• _Activity_
Nothing but an exact copy of the listing should appear in the response.

Information given: Begin

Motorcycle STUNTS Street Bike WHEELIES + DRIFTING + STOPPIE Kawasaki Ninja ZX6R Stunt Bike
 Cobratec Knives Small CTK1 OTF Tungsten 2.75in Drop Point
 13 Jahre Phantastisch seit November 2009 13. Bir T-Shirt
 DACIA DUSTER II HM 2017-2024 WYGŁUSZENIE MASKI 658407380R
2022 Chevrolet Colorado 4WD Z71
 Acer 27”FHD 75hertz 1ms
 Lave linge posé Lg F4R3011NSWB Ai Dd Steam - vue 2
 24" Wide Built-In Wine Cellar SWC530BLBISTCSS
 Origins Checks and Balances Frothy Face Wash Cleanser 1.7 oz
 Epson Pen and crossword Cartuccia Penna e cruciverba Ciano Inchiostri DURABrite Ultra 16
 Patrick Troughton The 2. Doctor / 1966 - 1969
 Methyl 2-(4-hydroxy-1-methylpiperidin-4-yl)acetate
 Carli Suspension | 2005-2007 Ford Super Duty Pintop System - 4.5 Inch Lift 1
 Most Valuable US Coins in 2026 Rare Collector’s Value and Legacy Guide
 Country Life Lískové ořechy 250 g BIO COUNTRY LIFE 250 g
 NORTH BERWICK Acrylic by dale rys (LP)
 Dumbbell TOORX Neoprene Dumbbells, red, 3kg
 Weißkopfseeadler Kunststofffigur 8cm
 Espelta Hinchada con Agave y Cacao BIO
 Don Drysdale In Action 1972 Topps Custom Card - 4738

Information given: End

• _Result_
Motorcycle STUNTS Street Bike WHEELIES + DRIFTING + STOPPIE Kawasaki Ninja ZX6R Stunt Bike
 Cobratec Knives Small CTK1 OTF Tungsten 2.75in Drop Point
 13 Jahre Phantastisch seit November 2009 13. Bir T-Shirt
 DACIA DUSTER II HM 2017-2024 WYGŁUSZENIE MASKI 658407380R
2022 Chevrolet Colorado 4WD Z71
 Acer 27”FHD 75hertz 1ms
 Lave linge posé Lg F4R3011NSWB Ai Dd Steam - vue 2
 24" Wide Built-In Wine Cellar SWC530BLBISTCSS
 Origins Checks and Balances Frothy Face Wash Cleanser 1.7 oz
 Epson Pen and crossword Cartuccia Penna e cruciverba Ciano Inchiostri DURABrite Ultra 16
 Patrick Troughton The 2. Doctor / 1966 - 1969
 Methyl 2-(4-hydroxy-1-methylpiperidin-4-yl)acetate
 Carli Suspension | 2005-2007 Ford Super Duty Pintop System - 4.5 Inch Lift 1
 Most Valuable US Coins in 2026 Rare Collector’s Value and Legacy Guide
 Country Life Lískové ořechy 250 g BIO COUNTRY LIFE 250 g
 NORTH BERWICK Acrylic by dale rys (LP)
 Dumbbell TOORX Neoprene Dumbbells, red, 3kg
 Weißkopfseeadler Kunststofffigur 8cm
 Espelta Hinchada con Agave y Cacao BIO
 Don Drysdale In Action 1972 Topps Custom Card - 4738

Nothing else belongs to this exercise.